The main conceptual tool used to formulate this interpretation of probabilities is the Dutch book used as a guide to how an agent (observer) should update its probabilities. I admit I find this interpretation a bit hard to digest — I cannot help but think of betting as a highly irrational procedure, and in general I would be hard-pressed to bet on any precise number or probability; the Born rule makes very precise predictions and ascribing them to an agent’s subjective belief feels like a bit of a stretch. Quite possibly it is also a problem of language, and I am not an expert on QBism (even the “usual” Bayesianism is far from obvious to me). Ruediger’s slides are very clear and give a good introduction for anyone interested in digging further.

The last talk of the day was given by Carl Miller, on “The extremes of quantum random number generation”. Carl explained how two very different principles enabled him and Yaoyun Shi to derive two independent lower bounds, each of interest in a separate regime, on the amount of randomness that can be generated from a pair of quantum devices in the sequential scenario: the devices are used repeatedly in sequence and one is interested in the min-entropy rate of one of the device’s outputs, as a function of the average observed violation of (in this case) the CHSH inequality: as the violation increases to the maximum the rate will improve to 1, and the question is how high a rate can be maintained is the violation is be bounded away from the optimum.

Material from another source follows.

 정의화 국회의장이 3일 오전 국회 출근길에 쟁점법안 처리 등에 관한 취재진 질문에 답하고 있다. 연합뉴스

Carl’s first principle of measurement disturbance leads to a good rate in the high error regime, i.e. when the observed violation deviates significantly from optimum, say it is around ${0.8}$ (for an optimum of ${\approx .85}$). The general idea is that a violation of the CHSH inequality necessarily implies the use of “non-classical” measurements, which do not commute (in fact a maximal violation requires anti-commuting measurements), by Alice’s device. Two non-commuting measurements do not have a common eigenstate, hence whatever the state of the device at least one of Alice’s measurements will perturb it — the outcome of that measurement on the state cannot be deterministic, and randomness is produced.

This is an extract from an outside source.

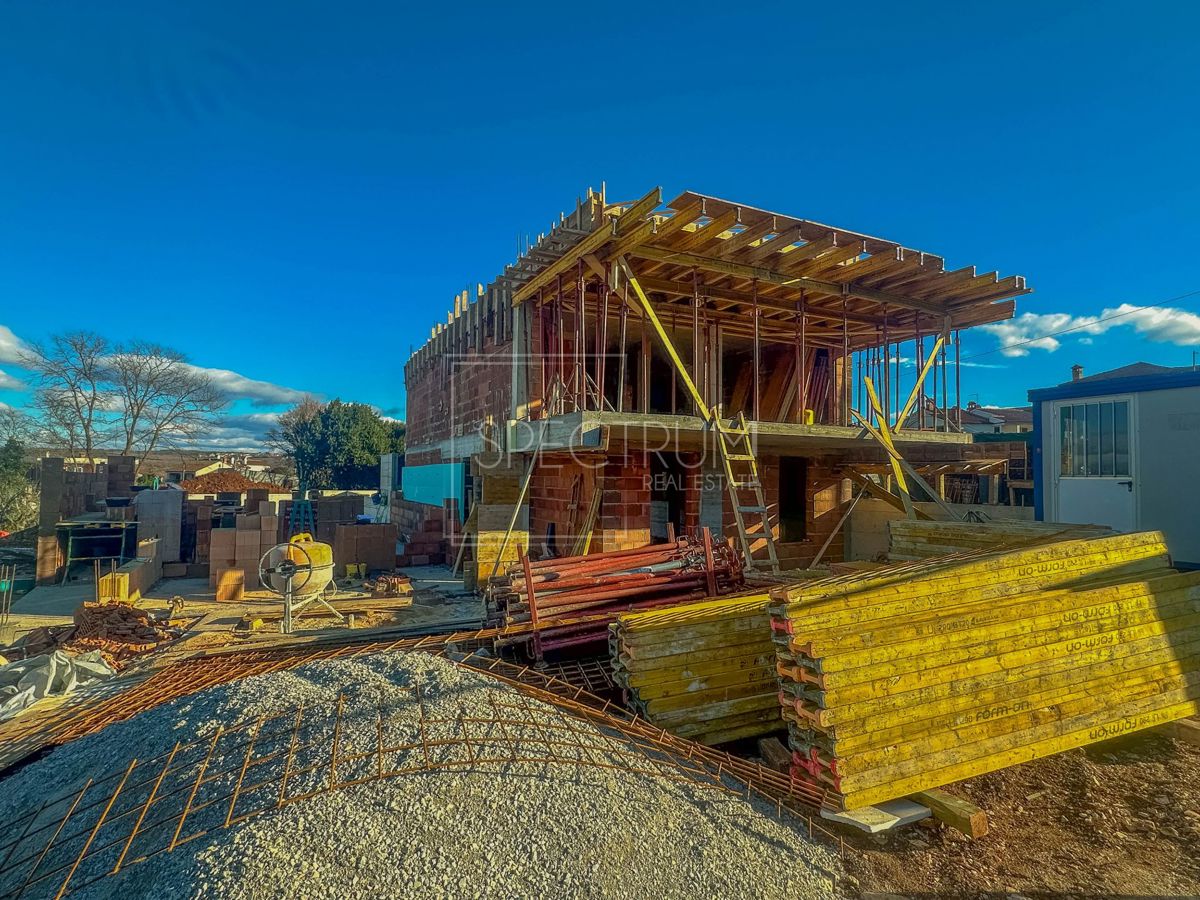 Torre, appartamento al piano terra con piscina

Of course this is just the intuition, and making it quantitative is more challenging. In their paper Carl and Yaoyun formalize it by introducing a new uncertainty relation (see this very recent survey on the topic for much more) expressed in terms of Renyi ${\alpha}$-entropy for ${\alpha > 1}$. The proof relies on strong convexity of the underlying Schatten-normed space of matrices, and Carl gave some geometric intuition for the uncertainty relation. The use of ${\alpha}$-Renyi entropy is important for the inductive step; it allows to bypass the lack of good chain-rule like arguments for the min-entropy.

The second principle introduced in Carl’s talk is self-testing. This is the idea that a device demonstrating a close-to-optimal violation of the CHSH inequality must have a certain rigid structure: not only does it generate random bits, but the device’s outcomes must be produced in a very specific way. Specifically the device’s state and measurements must be equivalent, up to local isometries, to those used in the “canonical” optimal strategy for the CHSH game. This principle is well-known (see e.g. the paper by McKague for a proof), but usually one only expects it to be of use in the “tiny error” regime, i.e. when the observed violation is of order ${opt - \varepsilon}$ for small epsilon. Carl manages to squeeze the techniques further, and by carefully fine-tuning the argument is able to get good bounds on the randomness produced when the violation is large but still a constant away from optimum, say ${0.83}$ or so. In that regime the bound is better than the one obtained from the first principle; I’ll refer you to Carl’s slides for the precise curves.

After Carl’s talk, the mind full of new ideas we left for a little walk to the Lanzerac wine estate, where we were shown around the wine cellar — including the mandatory wine
tasting of course, with the highlight being the local pinotage — and finished off the day with a nice dinner on the terrasse: it’s late October in South Africa, summer is coming!